He looks up to find Alice gazing at him, and it feels…not uncomfortable. There’s something in her eyes, something that Quentin isn’t sure he wants to parse out in detail. His eyes travel back to look at the mug he mended. It sits there, whole again, as if it was never broken to begin with, and isn’t that the most ironic thing? That his discipline is the repair of small objects when he can’t even put himself back together.

“That’s not true,” Alice answers before Quentin realizes that he uttered his thoughts out loud. She’s looking at him again, a mixture of sadness and soft pride in her eyes, and Quentin is surprised by how unbothered is by that, by _her_. “You’ve been putting yourself together over and over again, Quentin. You have picked yourself up time and again, and you always came out the other end whole. If anything it’s kind of a given that fixing things would be your discipline.”
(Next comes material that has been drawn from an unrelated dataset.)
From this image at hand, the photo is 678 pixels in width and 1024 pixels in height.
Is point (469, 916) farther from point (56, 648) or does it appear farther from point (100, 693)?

It squeezes the air out of his lungs. “I don’t feel whole.”

A sad look crosses Alice’s face. “That’s because you don’t allow yourself to,” she points out. “You always think something is either wrong or missing when it’s not.”

Quentin studies her face, and she holds his gaze, lifting her chin a little. He wonders how they lost each other along the way and why they couldn’t find one another again.

“There is,” he simply replies then. He can’t tell if he’s being stubborn or if he truly believes what he says.

“Just because you can’t always make all your pieces fit back together the way they were before doesn’t mean that anything is missing,” Alice says after a pause, voice so soft it almost gets lost in the space between them. “You change and your circumstances do, too. With that, you adjust all the pieces. You’re not the same person you were when we first met.”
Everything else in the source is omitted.